A Elizabeth ya se le había ocurrido uno o dos días antes la posibilidad de que Collins se creyese enamorado de su amiga, pero que Charlotte le alentase le parecía tan imposible como que ella misma lo hiciese. Su perplejidad, por consiguiente, fue tan grande que sobrepasó todos los límites de la decencia y no pudo reprimir gritarle:

—¡Comprometida con el señor Collins! ¿Cómo es posible, Charlotte?

Charlotte había contado la historia con mucho aplomo, pero ahora se sentía de pronto confusa por haber recibido un reproche tan directo; aunque era lo que se había esperado. Pero se recuperó pronto y dijo con tranquilidad:

—¡De qué te sorprendes, Elizabeth? ¿Te parece increíble que el señor Collins haya sido capaz de procurar la estimación de una mujer por el hecho de no haber tenido suerte contigo?

Pero, mientras tanto, Elizabeth había recuperado el sosiego, y haciendo un enorme esfuerzo fue capaz de asegurarle con bastante firmeza que le encantaba la idea de su parentesco y que le deseaba toda la felicidad del mundo.
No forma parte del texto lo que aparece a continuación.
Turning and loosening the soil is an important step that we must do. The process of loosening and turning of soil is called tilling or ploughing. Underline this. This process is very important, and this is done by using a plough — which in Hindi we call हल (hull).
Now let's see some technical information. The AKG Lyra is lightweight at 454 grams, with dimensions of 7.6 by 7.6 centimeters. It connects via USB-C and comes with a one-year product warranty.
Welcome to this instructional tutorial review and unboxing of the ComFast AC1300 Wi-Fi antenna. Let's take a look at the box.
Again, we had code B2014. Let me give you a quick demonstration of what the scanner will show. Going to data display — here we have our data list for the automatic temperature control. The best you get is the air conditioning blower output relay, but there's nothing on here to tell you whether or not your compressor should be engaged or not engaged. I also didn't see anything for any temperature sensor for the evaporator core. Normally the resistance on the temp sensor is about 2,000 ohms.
—Sé lo que sientes —repuso Charlotte—. Tienes que estar asombrada, asombradísima, haciendo tan poco que el señor Collins deseaba casarse contigo. Pero cuando hayas tenido tiempo de pensarlo bien, espero que comprendas lo que he hecho. Sabes que no soy romántica. Jamás lo he sido. No anhelo más que un hogar confortable, y teniendo en cuenta el carácter de Collins, sus relaciones y su posición, estoy convencida de que tengo tantas probabilidades de ser feliz con él, como las que puede tener la mayor parte de la gente que se casa.
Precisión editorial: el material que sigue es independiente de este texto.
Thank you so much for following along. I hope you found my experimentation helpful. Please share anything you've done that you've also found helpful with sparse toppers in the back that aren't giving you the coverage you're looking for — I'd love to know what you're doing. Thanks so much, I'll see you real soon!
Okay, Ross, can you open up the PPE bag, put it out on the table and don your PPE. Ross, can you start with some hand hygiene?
Elizabeth le contestó con ternura:

—Es indudable.

Y después de una pausa algo incómoda, marcharon a reunirse con el resto de la familia. Charlotte se fue enseguida y Elizabeth se quedó meditando lo que acababa de escuchar. Tardó mucho en hacerse a la idea de un casamiento tan disparatado. Lo inusitado que resultaba que Collins hubiese hecho dos proposiciones de matrimonio en tres días, no era nada en comparación con el hecho de que hubiese sido aceptado. Siempre creyó que las teorías de Charlotte sobre el matrimonio no eran igual que las suyas, pero nunca pensó que al ponerlas en práctica sacrificase sus mejores sentimientos a cosas materiales. Y al dolor que le causaba ver cómo su amiga se había desacreditado y había perdido mucha de la estima que le tenía, se añadía el penoso convencimiento de que no le sería plausible ser feliz con la suerte que había escogido.

Normalmente la presentación en sociedad de las jóvenes damas se efectuaba en la Corte en el transcurso de una recepción real a cargo de una señora casada que a su vez ya había sido presentada en la Corte. La reina Isabel II abolió esta costumbre.